Prebuilt YOLO model (sources: darkflow and YOLO) is being customized to localize happy dogs in the given image. The best model from hdc_v2 was successfully integrated to the customized YOLO detection model to localize/classify HappyDogs from the given images/videos.
Video source: here
- Problem with the HDD_v1: The YOLO detector feeds a dog bounding box to the HDC_v2 whether or not a dog is facing forward.
- A new detector model will be trained based on a custom dataset to localize classifiable dogs from non-classifiable ones to improve the accuracy of the integrated HDC_v2.
- Currently, under the labelling process; two classes: 'classifiable dog (dd)' and 'non-classifiable dogs' (d)
- If the accuracy of the custom YOLO detection is satisfactory, the model will be integrated with HDC_v2 into HDD_v2.
- The integrated model will be implemented to a real-time module.
Current stage of the custom YOLO detector (with 450 images and 30 epochs training)
The model from HDC_v1 suffered from overfitting. The model has been improved by making the structure less complex and by adding more data augmentation.

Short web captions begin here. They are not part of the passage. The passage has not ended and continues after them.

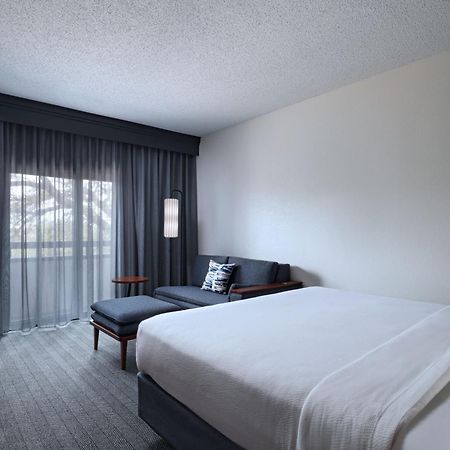 Courtyard By Marriott Dallas Richardson At Spring Valley Экстерьер фото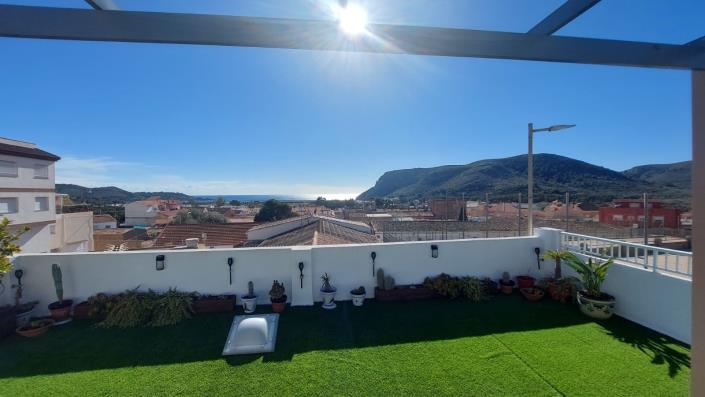 Image No.14-2 Bed House for sale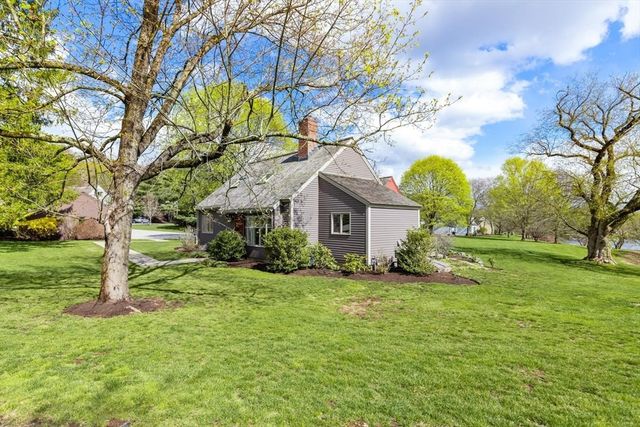 37 Potter Pond 37, Lexington, MA 02421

Hyperparameters (especially lr and batch size) were searched for small epochs to optimize the model.
The model seems to handle overfitting issue much better compared to the previous version. It exhibits a much-improved accuracy of ~ 90% on the test set.
Some wrongly labelled test set images were visualized to track down the ~ 10% error.
The model predictions are well aligned with my intuition.
Various resnet-like custom models and Resnet50 transfer-learned model have been tested. In general, models could achieve ~ 80% accuracy on the test set when tuned properly. Its relatively low accuracy may be due to the small number of samples (~700 images for each class). The dataset was obtained from online with minimal pre-processing steps, thus contain very high variance in the image features.
The model started to overfit after ~ 30 epochs of training. The best model was chosen from there by early stopping the learning.
Somewhat agreeable results.